Although the invention, especially in non-imaging mode of operation, requires only a single ray path, the embodiment of figure 1 presented plural ray paths through an object. Figure 5 illustrates an additional effect that can be created by images generated by means of the multiple ray paths provided by the embodiment of figure 1 which can further enhance the information provided.

As an object 9 passes through incident ray paths 5a to 5c (see figure 5a) three images are generated in which the object is oriented differently relative to the x-ray source 1. Successive display of these images will cause the object to appear to rotate as is illustrated in figure 5b.

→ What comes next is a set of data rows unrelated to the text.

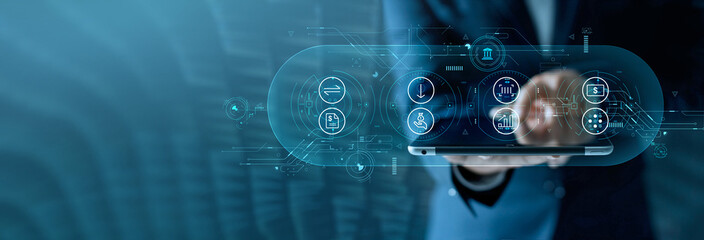 Poster - Businessman using tablet online banking and payments, Digital marketing. Finance and banking network. Online shopping and icon customer networking connection, cyber security. Business technology.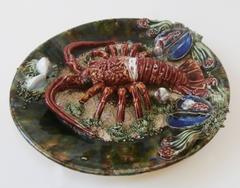 Majolica Palissy Portuguese Lobster Wall Platter, circa 1940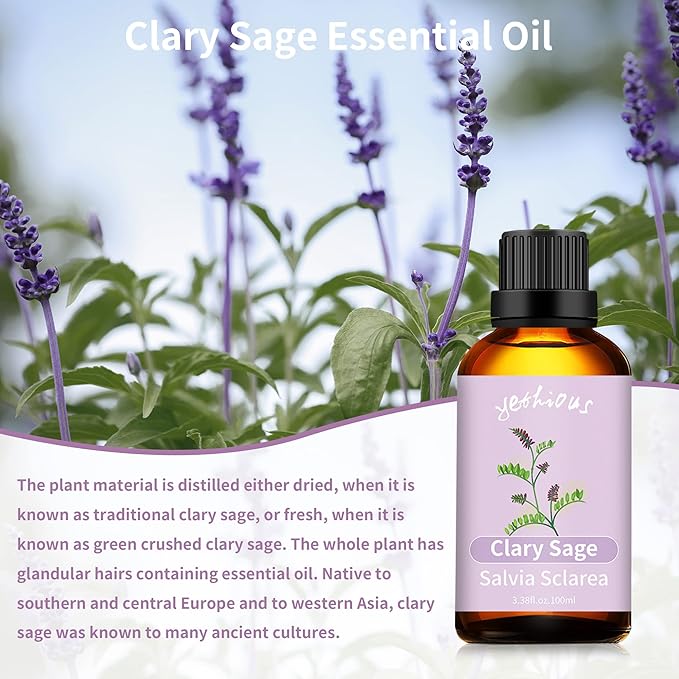 yethious Clary Sage Essential Oil for Diffuser & Aromatherapy, Skin, Candle Soap Making Fragrance DIY - Clary Sage Oil Organic 3.38 Fl Oz
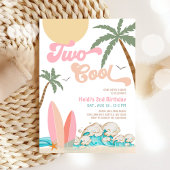Meisje TWEE Cool Surfen 2e Verjaardag Beach Party Kaart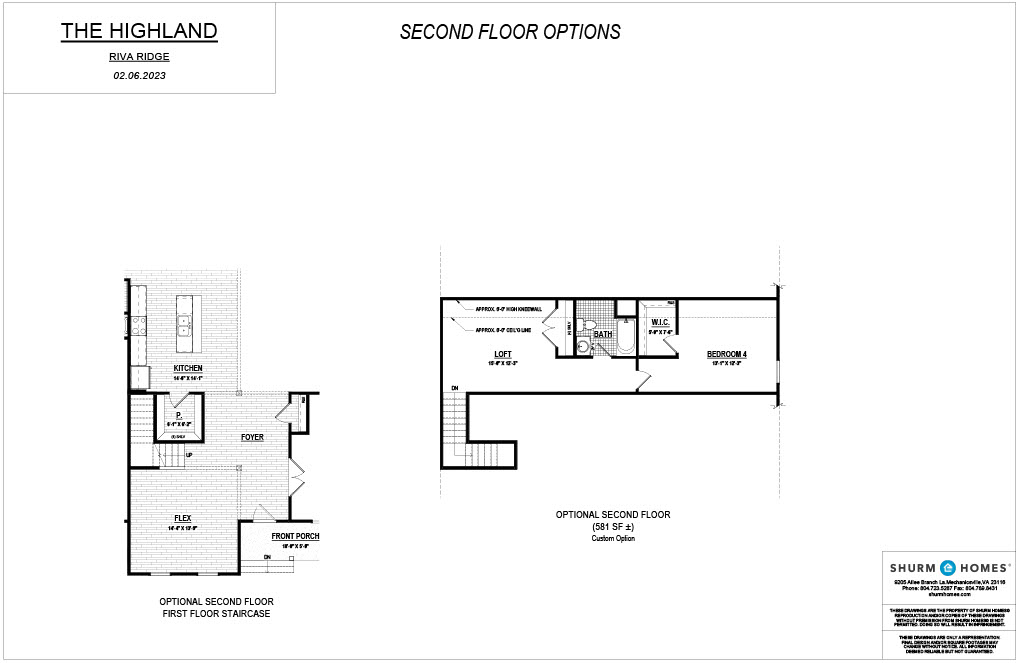 Floor plan for "The Highland" at Riva Ridge, depicting first-floor staircase with optional second floor, featuring a loft, bedroom, bath, and storage, dated 02.06.2023 by Shurm Homes.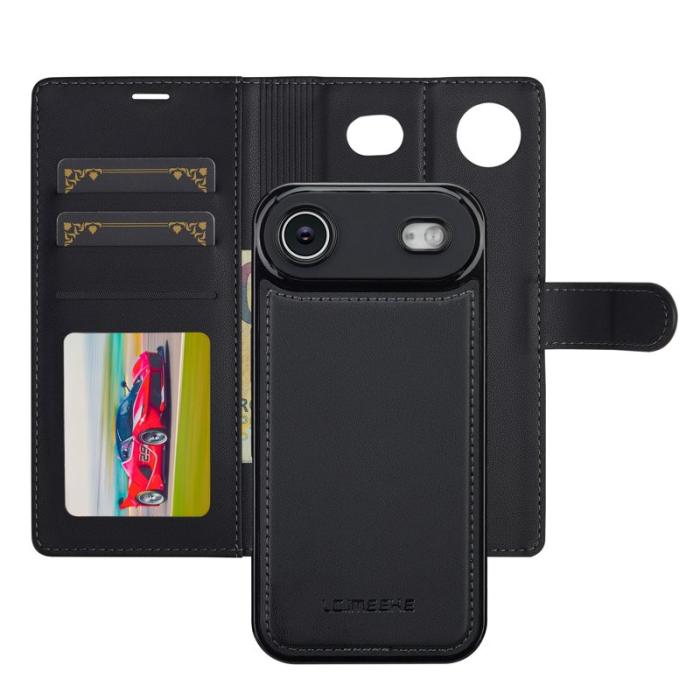 LC.imeeke - LC.IMEEKE L2 Series iPhone Air Fodral PU Läder - Svart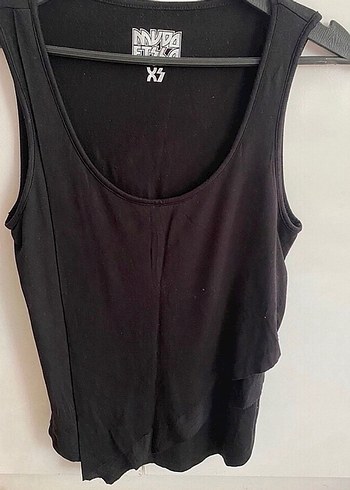 xs Beden siyah Renk Siyah Fit Kesim V Yaka Kolsuz Kadın Atlet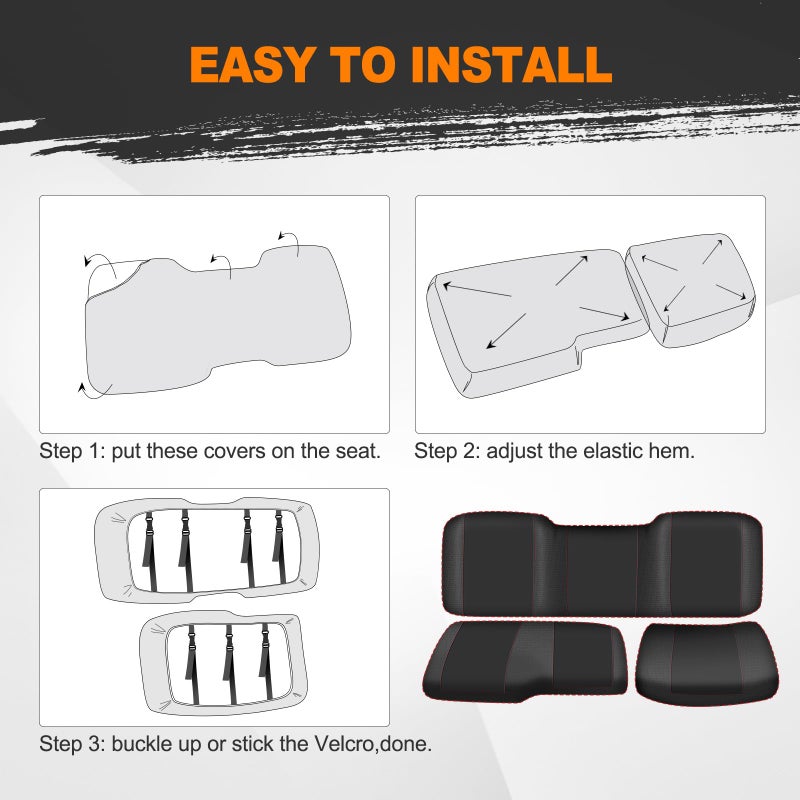 BORDAN UTV Waterproof Seat Cover for 2017-2021 Polaris Ranger XP 1000/2020-2025 Polaris Ranger 1000, Heavy Duty 1680D Seat Covers for UTV Polaris Full Protection Outdoor (3 PCS) - Image 5
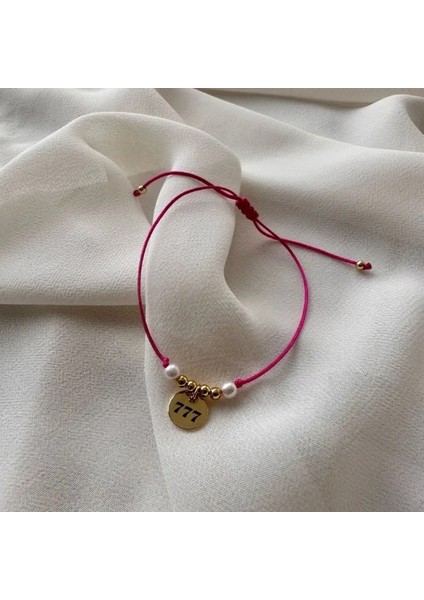 5663 El Yapımı Sayı Sekanslı 777 Bileklik - Koyu Pembe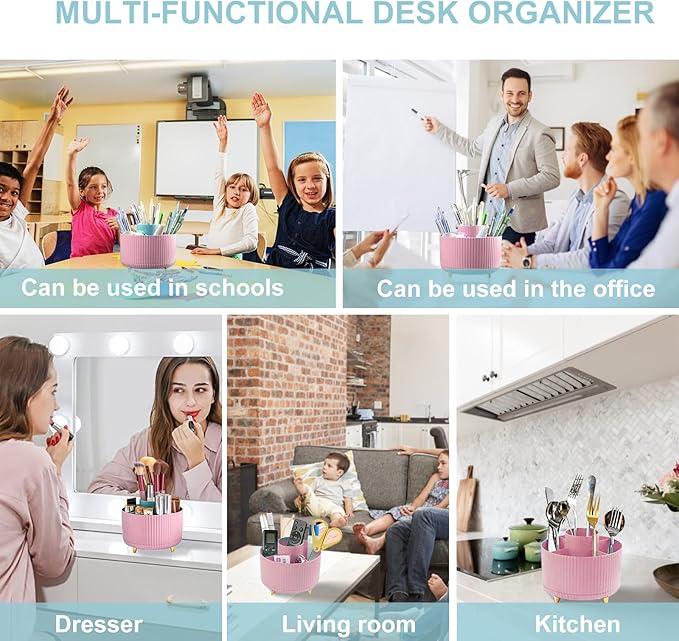 Cayxenful Pencil Holder For Desk,5 Slots 360°Degree Rotating Desk Organizers And Accessories,Desktop Storage Stationery Supplies Organizer, Cute Pencil Cup Pot For Office, School, Home (D-Pink)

This ability in effect to get a view of the object which is in effect rotatable in a third dimension can be seen in some respects as analogous to CT scanning. In a conventional CT scanner, relative rotational movement between scanner and scanned object (usually, by orbital movement of the scanner) allows a rotatable image to be collected. The multiple image generated in this example offers some of these features as a result of the multiple ray paths provided by the apparatus, but with a less complex geometry, and for example on a simple linear conveyor such as is typically used in security scanning systems.

This not only offers an additional image functionality. It also offers an additional liquid identification functionality. Multiple transmission paths through a given part of an object will lead to a varying of the effective through thickness. Again, this mimics the effect produced by a CT scan, and analogous processing of such data can be used to reinforce or further inform the inferences drawn by the derivation of data indicative of the mass attenuation coefficient in accordance with the basic principles of the invention.

In this way, in accordance with the invention, an apparatus and method is described which can offer specific target liquid characterisation and identification based on resolved energy detection and data processing and also offer the option of generating an image and in particular an image which has some general energy differentiation to facilitate in distinguishing between different objects of different composition. In this combined mode the invention offers in a single apparatus a materials (eg explosive) detection capability analogous to that of prior art CT scanners commonly used for hold baggage scanning (and which typically have limited or no imaging application) in combination with an imaging capability with the advantages of a line scan such as is commonly used for hand baggage scanning. All this information is obtained from the primary transmitted beam by the provision of specific detectors having a functionality to effect spectroscopic resolution of transmitted intensity across at least three distinct energy bands.

Referring to figure 6, a suitable x-ray source 101 is used to direct x-rays via a scanning zone in the direction of a detector 103.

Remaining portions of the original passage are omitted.